Enjoy some Guinness!
March 16, 2004
PHP Development Hint
Here's a general hint for PHP development: A quick and easy way to check for syntax or compile errors without uploading the PHP script to the Web server and testing online through a browser is via the command line. It's obvious, and I don't know why I didn't think of this sooner, but I've been doing more and more of it lately.
I develop primarily under Windows (with PHP installed) and upload to a Unix-variant server, and this what I've been doing to run a PHP script on the command line on my Windows system:
php-cli -l filename.php
You could omit the -l option (it's a syntax check option only) to parse and run the code, if you like.
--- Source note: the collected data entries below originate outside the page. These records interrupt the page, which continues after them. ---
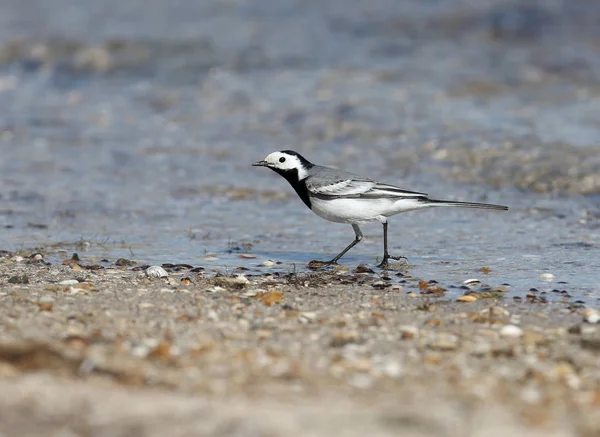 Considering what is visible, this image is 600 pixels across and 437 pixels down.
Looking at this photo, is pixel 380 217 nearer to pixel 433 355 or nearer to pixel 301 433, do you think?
pixel 433 355

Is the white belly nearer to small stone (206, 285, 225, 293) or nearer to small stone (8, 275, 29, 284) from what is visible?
small stone (206, 285, 225, 293)

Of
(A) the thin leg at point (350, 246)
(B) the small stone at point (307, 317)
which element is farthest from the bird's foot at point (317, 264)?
(B) the small stone at point (307, 317)

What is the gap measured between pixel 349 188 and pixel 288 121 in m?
7.10

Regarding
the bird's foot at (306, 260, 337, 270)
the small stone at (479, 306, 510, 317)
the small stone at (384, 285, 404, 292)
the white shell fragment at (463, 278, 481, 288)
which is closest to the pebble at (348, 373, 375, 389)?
the small stone at (479, 306, 510, 317)

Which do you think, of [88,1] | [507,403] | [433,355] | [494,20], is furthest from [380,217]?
[88,1]

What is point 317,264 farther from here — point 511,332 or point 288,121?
point 288,121

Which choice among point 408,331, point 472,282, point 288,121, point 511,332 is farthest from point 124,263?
point 288,121

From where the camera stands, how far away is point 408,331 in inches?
249

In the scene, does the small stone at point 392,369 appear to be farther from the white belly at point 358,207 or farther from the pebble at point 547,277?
the white belly at point 358,207

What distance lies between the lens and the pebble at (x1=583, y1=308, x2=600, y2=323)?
6.67 meters

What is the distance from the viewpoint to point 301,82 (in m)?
18.6

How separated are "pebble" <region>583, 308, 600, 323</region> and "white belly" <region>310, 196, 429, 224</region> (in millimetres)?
2497

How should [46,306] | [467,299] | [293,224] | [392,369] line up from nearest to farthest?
[392,369]
[46,306]
[467,299]
[293,224]

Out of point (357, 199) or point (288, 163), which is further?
point (288, 163)
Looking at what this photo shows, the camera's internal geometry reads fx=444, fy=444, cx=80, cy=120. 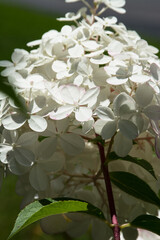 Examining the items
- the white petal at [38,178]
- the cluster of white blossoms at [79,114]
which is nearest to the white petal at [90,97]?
the cluster of white blossoms at [79,114]

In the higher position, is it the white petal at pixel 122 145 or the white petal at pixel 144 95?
the white petal at pixel 144 95

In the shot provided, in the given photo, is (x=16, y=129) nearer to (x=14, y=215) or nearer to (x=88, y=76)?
(x=88, y=76)

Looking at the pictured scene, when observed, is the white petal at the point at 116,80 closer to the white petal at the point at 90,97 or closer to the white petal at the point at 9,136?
the white petal at the point at 90,97

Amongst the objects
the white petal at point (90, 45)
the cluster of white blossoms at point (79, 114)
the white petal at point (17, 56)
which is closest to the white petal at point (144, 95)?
the cluster of white blossoms at point (79, 114)

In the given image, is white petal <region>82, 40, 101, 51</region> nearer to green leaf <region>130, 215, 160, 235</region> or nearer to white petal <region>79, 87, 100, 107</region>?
white petal <region>79, 87, 100, 107</region>

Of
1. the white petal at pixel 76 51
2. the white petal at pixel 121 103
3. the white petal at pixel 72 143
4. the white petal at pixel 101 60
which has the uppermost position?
the white petal at pixel 76 51

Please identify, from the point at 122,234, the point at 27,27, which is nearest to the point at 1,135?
the point at 122,234

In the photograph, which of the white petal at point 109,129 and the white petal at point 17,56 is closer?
the white petal at point 109,129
Either way, it's an easy way to check your code without uploading it and potentially breaking your site.
March 15, 2004
New (Old) Design
Just flipped the switch on the site design I wrote about (see "Everything Old is New Again"). So far things are looking good, but there might be some bugs still lurking. And right now the changes only apply to the blog pages; I haven't reworked the ebooks page or others, yet.
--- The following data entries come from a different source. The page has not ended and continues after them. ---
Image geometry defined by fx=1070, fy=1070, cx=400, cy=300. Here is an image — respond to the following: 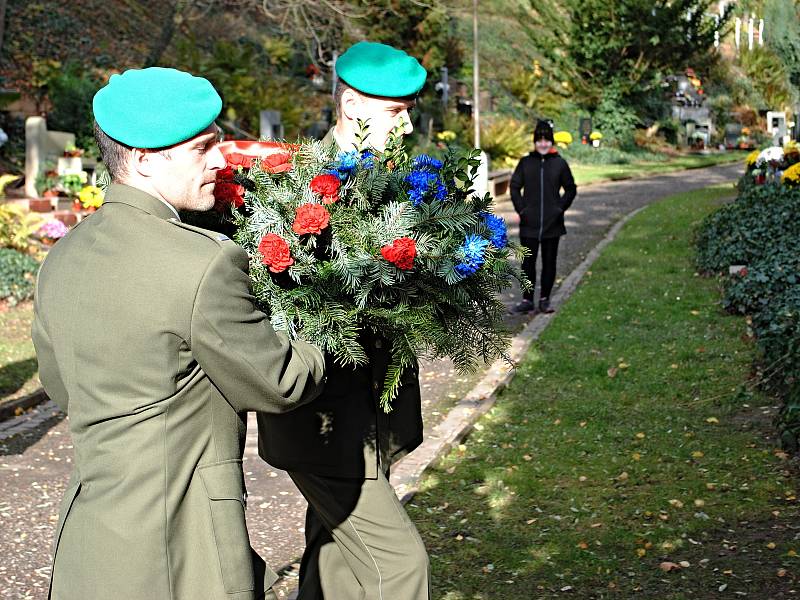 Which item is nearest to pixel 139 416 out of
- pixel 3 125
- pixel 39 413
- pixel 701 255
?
pixel 39 413

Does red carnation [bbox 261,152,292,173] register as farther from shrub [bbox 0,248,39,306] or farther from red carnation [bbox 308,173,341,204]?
shrub [bbox 0,248,39,306]

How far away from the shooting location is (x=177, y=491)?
257cm

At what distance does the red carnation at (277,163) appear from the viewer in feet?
10.6

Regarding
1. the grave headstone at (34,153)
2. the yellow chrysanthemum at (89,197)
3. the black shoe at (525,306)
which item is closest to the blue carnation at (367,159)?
the black shoe at (525,306)

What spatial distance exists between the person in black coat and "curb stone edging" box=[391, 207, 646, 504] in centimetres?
47

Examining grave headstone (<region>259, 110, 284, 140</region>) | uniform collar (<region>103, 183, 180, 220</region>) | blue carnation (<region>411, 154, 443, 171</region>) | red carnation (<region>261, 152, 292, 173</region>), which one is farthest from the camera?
grave headstone (<region>259, 110, 284, 140</region>)

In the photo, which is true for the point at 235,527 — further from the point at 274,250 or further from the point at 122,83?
the point at 122,83

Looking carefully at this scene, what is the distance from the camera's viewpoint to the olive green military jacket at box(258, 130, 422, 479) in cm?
342

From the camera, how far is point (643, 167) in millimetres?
33531

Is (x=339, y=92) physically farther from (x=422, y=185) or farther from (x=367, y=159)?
(x=422, y=185)

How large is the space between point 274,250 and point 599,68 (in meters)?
36.2

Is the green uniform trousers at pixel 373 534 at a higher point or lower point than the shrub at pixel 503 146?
higher

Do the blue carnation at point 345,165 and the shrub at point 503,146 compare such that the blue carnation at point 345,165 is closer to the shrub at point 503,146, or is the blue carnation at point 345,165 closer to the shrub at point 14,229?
the shrub at point 14,229

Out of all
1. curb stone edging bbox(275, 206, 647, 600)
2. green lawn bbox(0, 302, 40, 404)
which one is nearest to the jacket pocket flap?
curb stone edging bbox(275, 206, 647, 600) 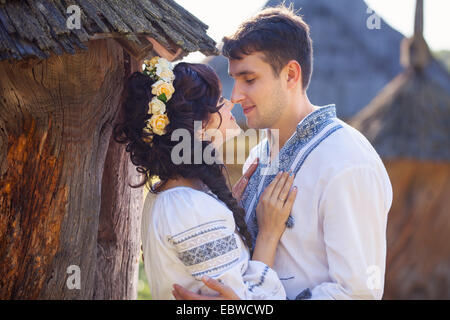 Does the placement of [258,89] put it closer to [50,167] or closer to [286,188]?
[286,188]

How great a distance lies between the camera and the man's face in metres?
3.30

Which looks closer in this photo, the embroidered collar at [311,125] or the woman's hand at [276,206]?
the woman's hand at [276,206]

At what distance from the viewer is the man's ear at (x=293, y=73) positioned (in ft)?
11.0

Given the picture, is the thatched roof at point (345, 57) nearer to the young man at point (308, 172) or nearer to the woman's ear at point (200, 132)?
the young man at point (308, 172)

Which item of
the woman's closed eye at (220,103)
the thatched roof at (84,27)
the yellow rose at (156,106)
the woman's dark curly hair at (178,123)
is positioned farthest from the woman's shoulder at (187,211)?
the thatched roof at (84,27)

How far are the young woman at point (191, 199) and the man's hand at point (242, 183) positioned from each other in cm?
40

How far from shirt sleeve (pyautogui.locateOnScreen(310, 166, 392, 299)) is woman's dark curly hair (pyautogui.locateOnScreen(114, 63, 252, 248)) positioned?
46 centimetres

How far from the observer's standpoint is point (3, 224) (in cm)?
278

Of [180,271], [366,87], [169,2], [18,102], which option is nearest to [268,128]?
[169,2]

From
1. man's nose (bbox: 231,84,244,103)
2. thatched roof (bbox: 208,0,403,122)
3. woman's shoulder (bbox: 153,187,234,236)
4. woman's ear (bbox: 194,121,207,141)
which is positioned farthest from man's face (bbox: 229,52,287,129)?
thatched roof (bbox: 208,0,403,122)

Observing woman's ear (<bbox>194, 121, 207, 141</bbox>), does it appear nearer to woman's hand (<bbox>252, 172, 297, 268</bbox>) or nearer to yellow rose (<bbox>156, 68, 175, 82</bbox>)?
yellow rose (<bbox>156, 68, 175, 82</bbox>)

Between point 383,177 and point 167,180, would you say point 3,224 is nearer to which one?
point 167,180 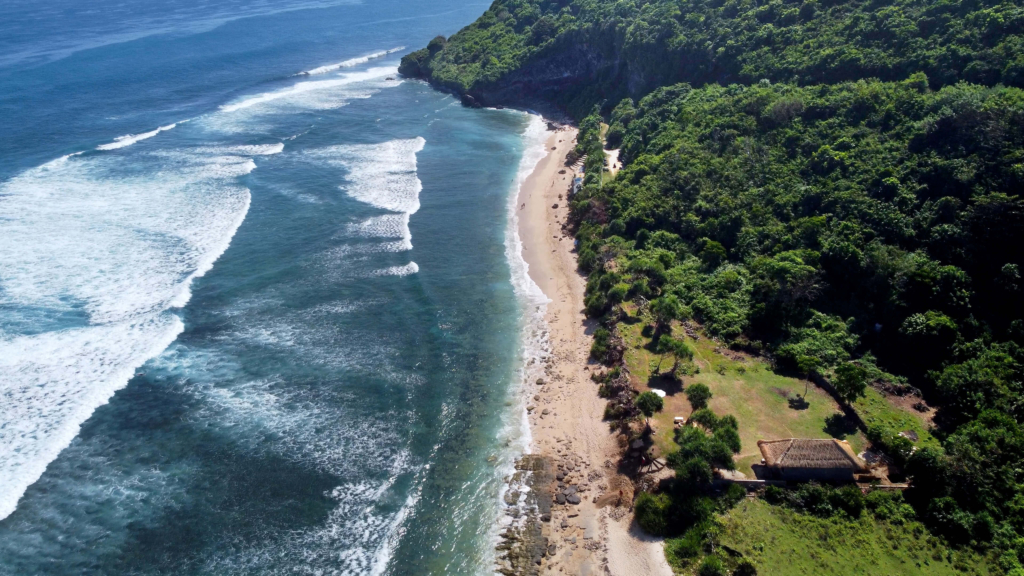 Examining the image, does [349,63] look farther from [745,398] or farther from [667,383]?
[745,398]

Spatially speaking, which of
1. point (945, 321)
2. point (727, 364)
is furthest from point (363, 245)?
point (945, 321)

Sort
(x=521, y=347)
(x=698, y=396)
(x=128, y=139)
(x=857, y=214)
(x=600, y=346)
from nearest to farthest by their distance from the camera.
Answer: (x=698, y=396), (x=600, y=346), (x=521, y=347), (x=857, y=214), (x=128, y=139)

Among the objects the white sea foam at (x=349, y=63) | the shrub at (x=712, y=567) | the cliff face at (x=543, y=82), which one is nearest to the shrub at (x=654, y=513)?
the shrub at (x=712, y=567)

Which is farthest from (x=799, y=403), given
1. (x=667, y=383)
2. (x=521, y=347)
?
(x=521, y=347)

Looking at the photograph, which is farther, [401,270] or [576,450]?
[401,270]

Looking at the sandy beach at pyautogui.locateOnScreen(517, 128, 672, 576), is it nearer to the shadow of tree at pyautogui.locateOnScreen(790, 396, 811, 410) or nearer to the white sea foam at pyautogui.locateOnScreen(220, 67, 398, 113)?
the shadow of tree at pyautogui.locateOnScreen(790, 396, 811, 410)

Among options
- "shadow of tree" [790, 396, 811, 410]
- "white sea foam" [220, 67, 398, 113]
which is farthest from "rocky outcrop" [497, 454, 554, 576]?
"white sea foam" [220, 67, 398, 113]

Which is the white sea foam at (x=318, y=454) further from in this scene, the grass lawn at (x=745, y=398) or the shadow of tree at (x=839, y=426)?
the shadow of tree at (x=839, y=426)
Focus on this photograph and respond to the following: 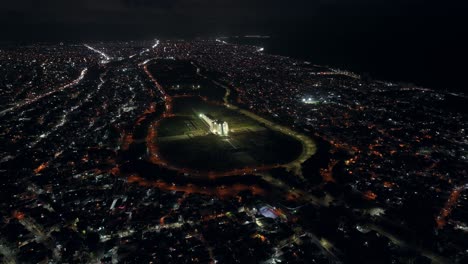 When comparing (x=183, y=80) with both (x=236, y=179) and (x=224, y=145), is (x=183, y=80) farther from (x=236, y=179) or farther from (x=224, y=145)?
(x=236, y=179)

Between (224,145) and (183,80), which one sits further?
(183,80)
And there's two new pages available: What is Syndication? and My Projects. The Syndication page is a sort-of FAQ on syndicating a site and RSS—a helper page, or primer page, as it were, to anyone who sees my RSS link and wonders what the hell that is. Consider it a draft, but I will be updating and maintaining that page, and aim to make it a good landing page for syndication/RSS questions.
March 14, 2004
Button Sites
My post about the buttons from the other day ("Those small web buttons...") yielded up some excellent links:
Taylor McKnight has an amazing archive of all the known buttons, 2025 at current count. Nice. I'm not even bothering to "collect" any more.
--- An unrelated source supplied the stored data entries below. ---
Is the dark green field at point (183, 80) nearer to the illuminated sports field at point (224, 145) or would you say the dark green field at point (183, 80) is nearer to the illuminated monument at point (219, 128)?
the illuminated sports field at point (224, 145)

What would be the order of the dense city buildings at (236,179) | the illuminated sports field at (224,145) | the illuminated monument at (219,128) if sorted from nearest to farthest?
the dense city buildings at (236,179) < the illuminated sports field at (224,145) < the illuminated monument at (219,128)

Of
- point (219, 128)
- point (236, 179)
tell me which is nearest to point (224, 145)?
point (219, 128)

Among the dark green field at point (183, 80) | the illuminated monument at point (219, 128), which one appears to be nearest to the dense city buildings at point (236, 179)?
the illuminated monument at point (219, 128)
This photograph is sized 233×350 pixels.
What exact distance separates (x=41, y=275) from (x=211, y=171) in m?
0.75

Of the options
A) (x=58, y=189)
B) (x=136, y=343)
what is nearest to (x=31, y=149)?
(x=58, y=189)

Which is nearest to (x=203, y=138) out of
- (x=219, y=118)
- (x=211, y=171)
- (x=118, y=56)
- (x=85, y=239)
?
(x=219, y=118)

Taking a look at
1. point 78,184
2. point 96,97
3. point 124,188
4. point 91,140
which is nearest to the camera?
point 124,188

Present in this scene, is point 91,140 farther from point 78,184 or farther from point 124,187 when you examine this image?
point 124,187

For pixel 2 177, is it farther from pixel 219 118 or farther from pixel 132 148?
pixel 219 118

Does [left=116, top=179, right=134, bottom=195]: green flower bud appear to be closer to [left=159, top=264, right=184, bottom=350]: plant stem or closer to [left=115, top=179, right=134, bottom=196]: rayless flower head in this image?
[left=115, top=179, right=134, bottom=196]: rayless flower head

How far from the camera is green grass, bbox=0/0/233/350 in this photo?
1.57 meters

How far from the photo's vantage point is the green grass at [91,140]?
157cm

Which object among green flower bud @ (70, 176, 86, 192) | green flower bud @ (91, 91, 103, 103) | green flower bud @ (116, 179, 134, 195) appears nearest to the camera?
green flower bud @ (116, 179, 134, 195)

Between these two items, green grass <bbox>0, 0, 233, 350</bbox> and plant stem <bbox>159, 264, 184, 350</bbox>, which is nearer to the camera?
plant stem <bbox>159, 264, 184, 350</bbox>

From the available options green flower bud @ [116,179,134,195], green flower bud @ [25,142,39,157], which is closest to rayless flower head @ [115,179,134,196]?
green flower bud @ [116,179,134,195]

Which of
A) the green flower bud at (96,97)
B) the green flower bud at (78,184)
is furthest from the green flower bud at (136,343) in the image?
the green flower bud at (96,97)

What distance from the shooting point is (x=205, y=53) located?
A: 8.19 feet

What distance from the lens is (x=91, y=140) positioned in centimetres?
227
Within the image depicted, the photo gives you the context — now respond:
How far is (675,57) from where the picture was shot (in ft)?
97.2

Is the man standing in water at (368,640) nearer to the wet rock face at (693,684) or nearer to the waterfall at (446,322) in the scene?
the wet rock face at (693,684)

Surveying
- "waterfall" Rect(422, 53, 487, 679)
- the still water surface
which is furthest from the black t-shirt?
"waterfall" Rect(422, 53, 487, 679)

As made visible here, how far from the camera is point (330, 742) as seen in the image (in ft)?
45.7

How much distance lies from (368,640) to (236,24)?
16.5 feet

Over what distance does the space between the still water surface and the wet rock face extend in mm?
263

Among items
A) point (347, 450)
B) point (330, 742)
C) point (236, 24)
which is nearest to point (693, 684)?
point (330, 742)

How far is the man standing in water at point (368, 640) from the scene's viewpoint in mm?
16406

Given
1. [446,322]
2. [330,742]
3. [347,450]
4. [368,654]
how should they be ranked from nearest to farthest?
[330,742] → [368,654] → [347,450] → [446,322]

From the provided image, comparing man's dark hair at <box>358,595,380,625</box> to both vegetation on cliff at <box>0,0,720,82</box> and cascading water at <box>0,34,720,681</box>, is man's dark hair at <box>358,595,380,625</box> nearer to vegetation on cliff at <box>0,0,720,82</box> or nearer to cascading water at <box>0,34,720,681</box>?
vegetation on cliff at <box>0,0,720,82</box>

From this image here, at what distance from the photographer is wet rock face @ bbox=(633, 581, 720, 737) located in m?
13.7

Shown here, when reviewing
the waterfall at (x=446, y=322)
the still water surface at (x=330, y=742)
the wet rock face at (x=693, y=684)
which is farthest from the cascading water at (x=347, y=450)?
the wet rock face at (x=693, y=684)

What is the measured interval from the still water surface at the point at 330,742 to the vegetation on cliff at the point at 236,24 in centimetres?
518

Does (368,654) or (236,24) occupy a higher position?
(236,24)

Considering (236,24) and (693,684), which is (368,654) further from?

Kalsey Button Maker is an online app that automagically creates the buttons for you. Though with all the buttons available at the other site, this is kind of redundant—but it's fun to fool around with.
Random Law and Order Plot Generator
Here's a funny link for tonight: the Random Law and Order Plot Generator. Enjoy!
March 12, 2004
Google Image Search
Playing around with Google's image search, I've thought of some advanced search features they need to implement. Hopefully someone at Google is reading this and will get right on it ;)
You need to be able to search by specific image dimensions (in pixels); for example, I'd like to be able to type "width:80 height:15" or maybe "dimensions:80x15" and have Google return all the images that are 80 by 15 pixels (yes, this idea is directly related to my last post on the 80x15 images). This can't be hard; Google's already caching the size of the image and displaying that on the search results pages, so why not be able to search them?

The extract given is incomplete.